Over the next few weeks I will be reviewing several of the Lord Peter Wimsey novels by Dorothy L. Sayers. This the last novel of that series, but is one of the first reviewed, largely because it is also part of our classic locked room mystery series!

The usual introduction to reviews of Dorothy Sayers ‘Busman’s Holiday’, include a quote from a passage in the dedication where Sayers notes: “It has been said, by myself and others, that a love-interest is only an intrusion upon a detective story. But to the characters involved, the detective-interest might well seem an irritating intrusion upon their love-story. This book deals with such a situation. It also provides some sort of answer to many kindly inquiries as to how Lord Peter and his Harriet solved their matrimonial problem. If there is but a ha’porth of detection to an intolerable deal of saccharine, let the occasion be the excuse.” A quite effective self-review, that has taken the thunder out of many critiques by hardcore mystery lovers.

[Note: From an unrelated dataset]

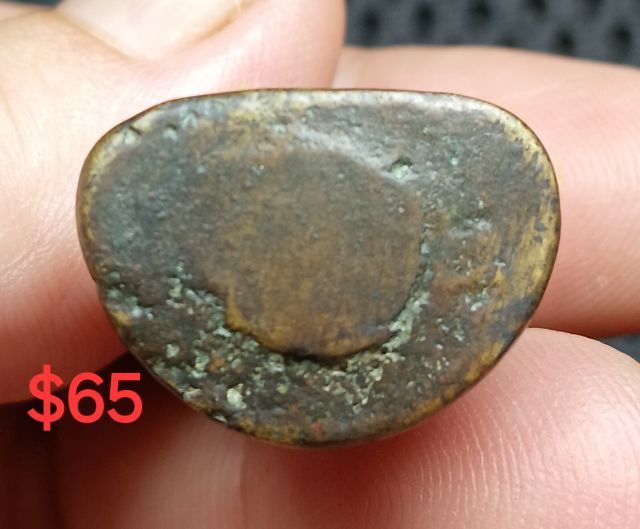 หลวงพ่อเงิน รูปที่ 10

Still, one must agree that the romance does tend to steal the spotlight in this final instalment of the Lord Peter Wimsey novels, but let’s put matters into perspective. This is the last act of a four novel romance, and in the earlier works the mystery clearly stole the limelight from the slowly unfolding romantic narrative. If you are a diehard mystery fan, it therefore might be best to avoid reading this volume as your first Lord Peter murder! However, for those of us who read the series from the start, this quite excellent short mystery within a novel, is more of a literary device that allows Sayers to present the triumph of love over nasty murder trials, the endless terrors of war, and all those other horrid vagaries of life we must face in a rapidly changing world. Murder had it’s turn to dominate in ‘Strong Poison’, ‘Have His Carcase’, and the dark shadows of ‘Gaudy Night’, now it is time for the victory of love – and who are we to deny love it’s moment – especially when we are compensated with a great locked room mystery puzzle that still assures us we have not yet fallen victim to the dreaded romance novel?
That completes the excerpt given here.